> [Work order] Output the data below in full, byte for byte. Nothing may differ.

> [The data]
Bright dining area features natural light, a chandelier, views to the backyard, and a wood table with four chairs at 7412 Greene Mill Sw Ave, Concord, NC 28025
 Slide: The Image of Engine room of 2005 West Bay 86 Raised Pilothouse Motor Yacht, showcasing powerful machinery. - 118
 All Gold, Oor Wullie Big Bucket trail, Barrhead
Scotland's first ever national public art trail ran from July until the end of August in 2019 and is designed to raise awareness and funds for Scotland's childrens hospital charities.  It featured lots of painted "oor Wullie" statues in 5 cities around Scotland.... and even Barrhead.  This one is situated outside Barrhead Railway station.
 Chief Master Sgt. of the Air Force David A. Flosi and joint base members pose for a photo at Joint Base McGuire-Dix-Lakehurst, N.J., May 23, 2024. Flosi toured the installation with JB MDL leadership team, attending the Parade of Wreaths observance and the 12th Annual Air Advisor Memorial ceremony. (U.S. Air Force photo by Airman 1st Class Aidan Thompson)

> [Result of this task]
Bright dining area features natural light, a chandelier, views to the backyard, and a wood table with four chairs at 7412 Greene Mill Sw Ave, Concord, NC 28025
 Slide: The Image of Engine room of 2005 West Bay 86 Raised Pilothouse Motor Yacht, showcasing powerful machinery. - 118
 All Gold, Oor Wullie Big Bucket trail, Barrhead
Scotland's first ever national public art trail ran from July until the end of August in 2019 and is designed to raise awareness and funds for Scotland's childrens hospital charities.  It featured lots of painted "oor Wullie" statues in 5 cities around Scotland.... and even Barrhead.  This one is situated outside Barrhead Railway station.
 Chief Master Sgt. of the Air Force David A. Flosi and joint base members pose for a photo at Joint Base McGuire-Dix-Lakehurst, N.J., May 23, 2024. Flosi toured the installation with JB MDL leadership team, attending the Parade of Wreaths observance and the 12th Annual Air Advisor Memorial ceremony. (U.S. Air Force photo by Airman 1st Class Aidan Thompson)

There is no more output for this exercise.